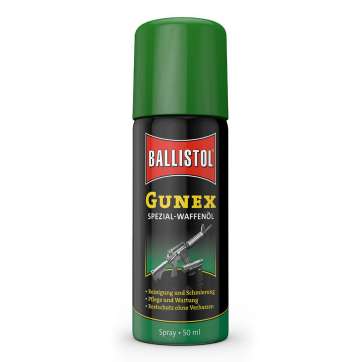 lentzis.com Ioannina | Ballistol | Gunex Spray 50ml | ΕΞΟΠΛΙΣΜΟΣ | Λίπανση-Καθαρισμός | 82V969-Z1NWL-35
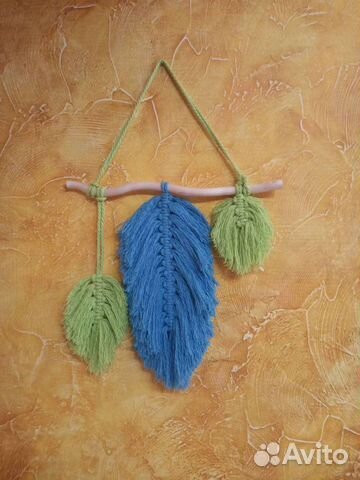 Макраме панно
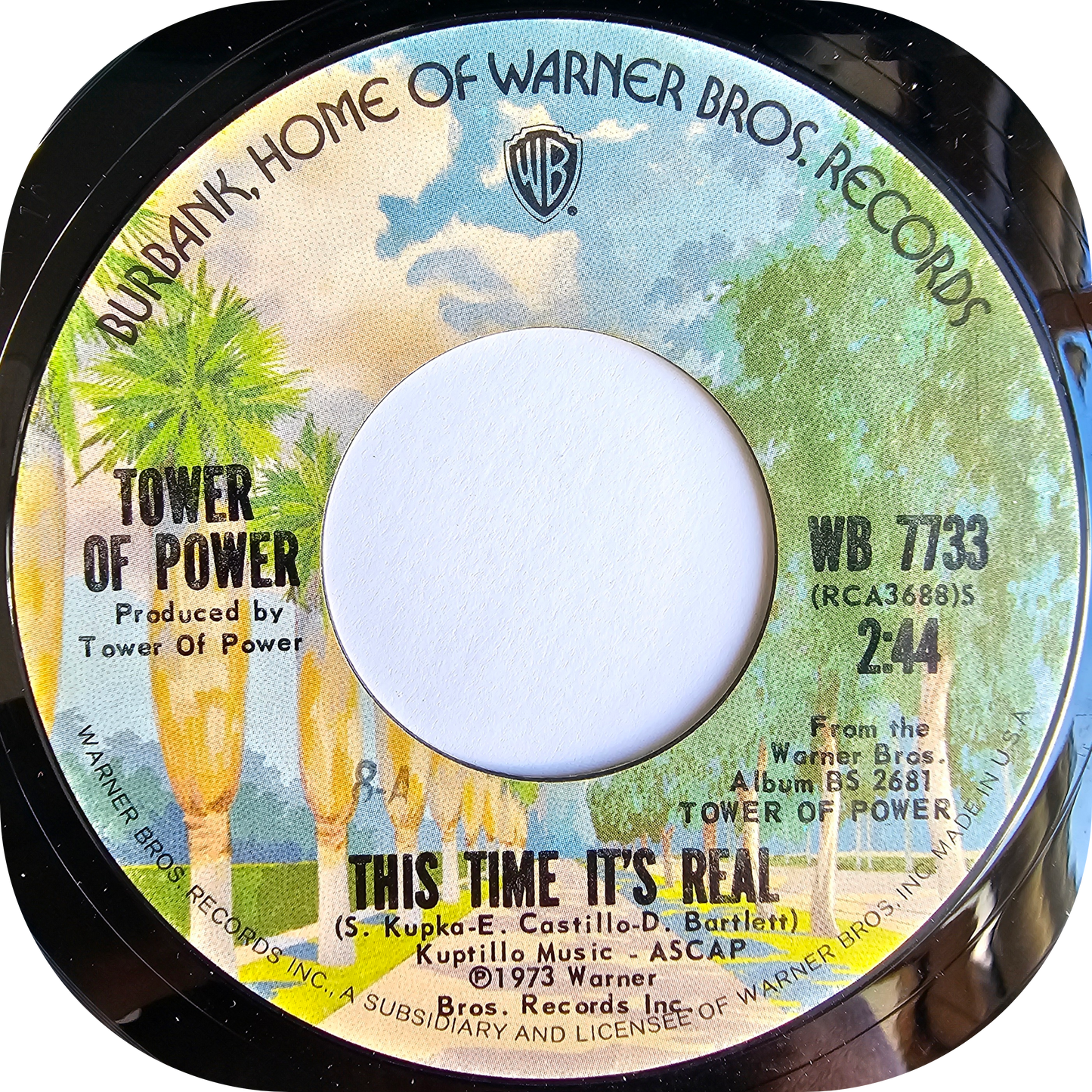 Tower Of Power - This Time It's Real - Warner Bros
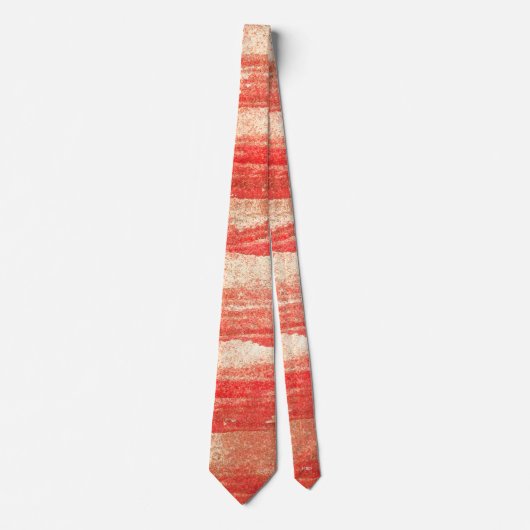 Sandstone Red Neck Tie Krawatte (Vorderseite)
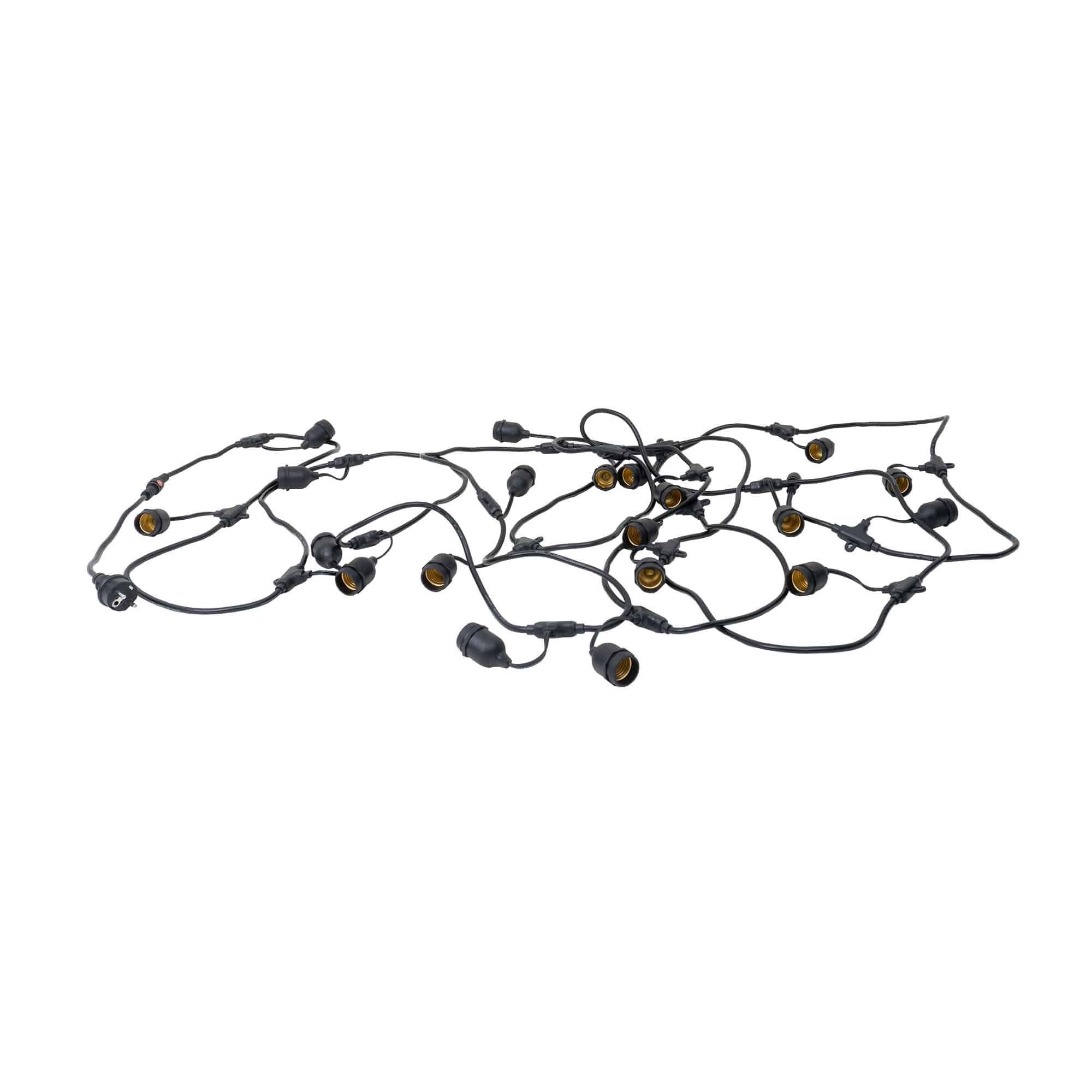 Ghirlanda decorativa pentru exterior, 10m, 20becuri E27 Z-TOOLS / ZTS 8423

* What you should do *
What you return should be the entries from above, unchanged and without their images.

* Solution to the exercise *
 lentzis.com Ioannina | Ballistol | Gunex Spray 50ml | ΕΞΟΠΛΙΣΜΟΣ | Λίπανση-Καθαρισμός | 82V969-Z1NWL-35
 Макраме панно
 Tower Of Power - This Time It's Real - Warner Bros
 Sandstone Red Neck Tie Krawatte (Vorderseite)
 Ghirlanda decorativa pentru exterior, 10m, 20becuri E27 Z-TOOLS / ZTS 8423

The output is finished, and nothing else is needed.